[Gluster-devel] Questions

Anand Babu Periasamy ab at gnu.org.in
Fri Apr 6 01:10:22 UTC 2007

Gerry Reno writes:
> Hows do GlusterFS behave in the following scenarios:
> =================================
>   In a multi-brick cluster using AFR a node goes down and then later
> is brought back online
>     GlusterFS sees the node restart and then begins syncing it's
> bricks from transaction log, once it is synced it is put back into
> the cluster.
> =================================
This is what self-heal functionality in 1.4 is supposed to do. Each
translator will contribute its piece of context-aware healing
functionality to the over all recovery process.

self-heal will involve multiple techniques. Key of them are
* journaled-recovery: It will maintain a journal of operations that
needs to be performed on a failed brick. For example dir related
operations, all I/O operations for AFR ... (This is exactly you
described above).
* lazy-recovery: Certain errors will be extremely time consuming to
detect. Instead of looking out for them (when the brick is offline),
GlusterFS will resume normal operation immediately. If it finds any
fault at run-time, self-heal will heal on demand (say duplicate
files.., missing directory on a brick..). It is OK if a dir is missing
in one of the brick, when it can be fixed at the time of access.
You can also initiate a forceful recovery by just triggering
faults (say "find  /mnt/glusterfs -type f -exec file {} \;" will
navigate the entire dir tree and access each file. This should be
sufficient to convert many lazy checks to instant ones). Then
glusterfs-fsck tool would be a matter of shell script.

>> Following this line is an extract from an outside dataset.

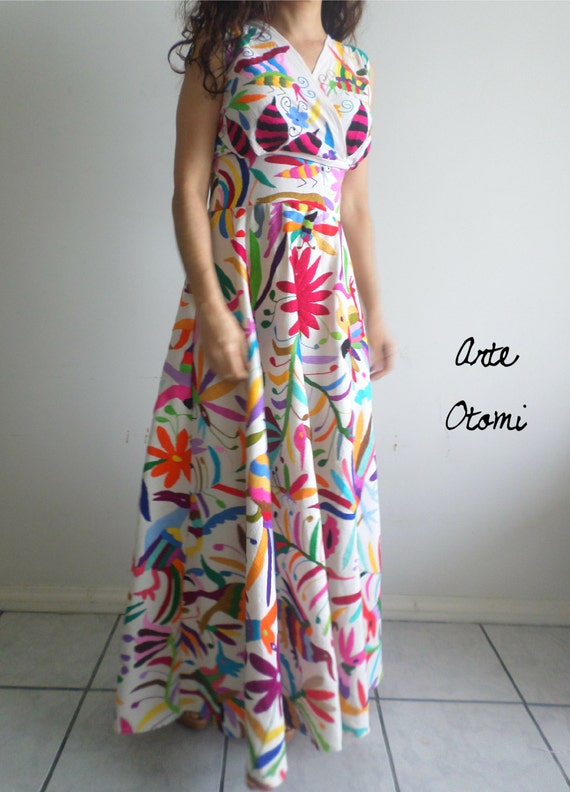 Otomi Wedding Dress Multicolor Custom Made Etsy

> =================================
>   Expand/Contract a GlusterFS cluster.
>     GlusterFS allows cluster members to be dynamically
> hot-added/hot-removed from a running cluster.
> =================================
As of adding bricks requires restart of GlusterFS.

Hot-add/remove functionality is part of our road map. We are
introducing server-notification framework in 1.4. With this feature,
implementing hot-add/remove is a cake-walk.

Do you think this feature is important for 1.4?. I want to have 1.4
released as soon as possible..